■ **RECORDS SHOWN**:
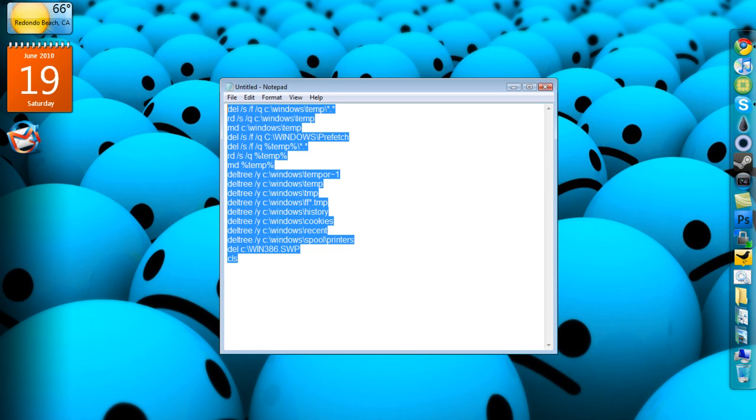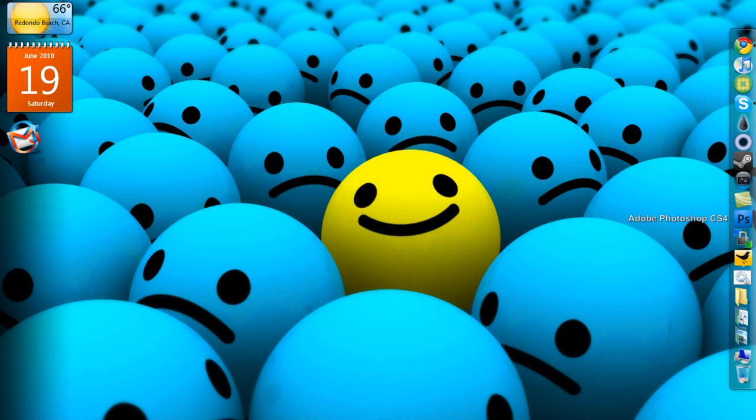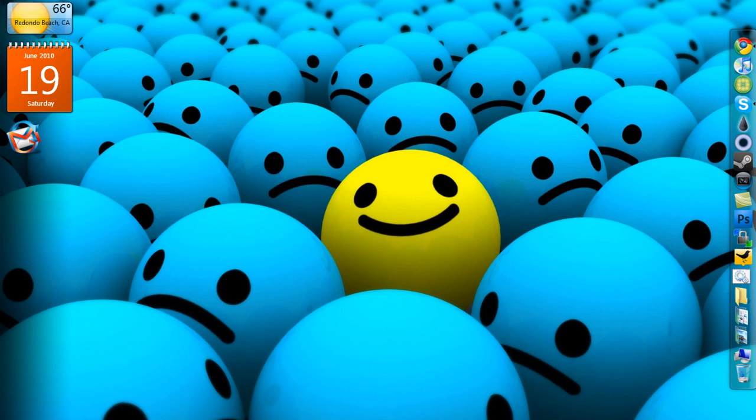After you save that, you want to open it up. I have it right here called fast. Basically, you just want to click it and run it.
...
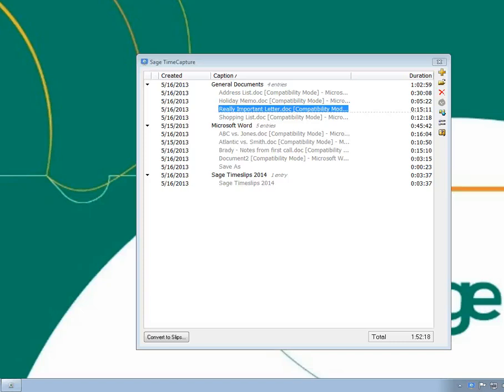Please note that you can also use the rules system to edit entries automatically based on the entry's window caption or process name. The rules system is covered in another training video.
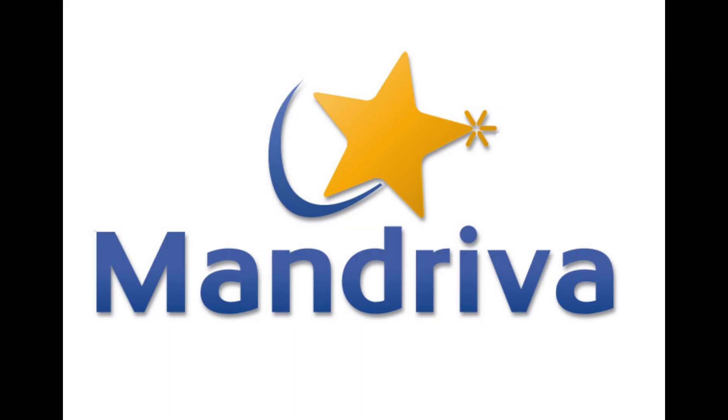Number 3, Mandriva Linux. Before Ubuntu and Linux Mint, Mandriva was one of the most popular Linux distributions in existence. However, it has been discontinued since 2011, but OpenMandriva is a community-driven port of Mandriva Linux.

■ **EXERCISE PROMPT**:
Go to the line above holding "Please note that", then copy exactly each line down to and including the one holding "Number 3, Mandriva", leaving pictures out.

■ **WRITTEN SOLUTION**:
Please note that you can also use the rules system to edit entries automatically based on the entry's window caption or process name. The rules system is covered in another training video.
Number 3, Mandriva Linux. Before Ubuntu and Linux Mint, Mandriva was one of the most popular Linux distributions in existence. However, it has been discontinued since 2011, but OpenMandriva is a community-driven port of Mandriva Linux.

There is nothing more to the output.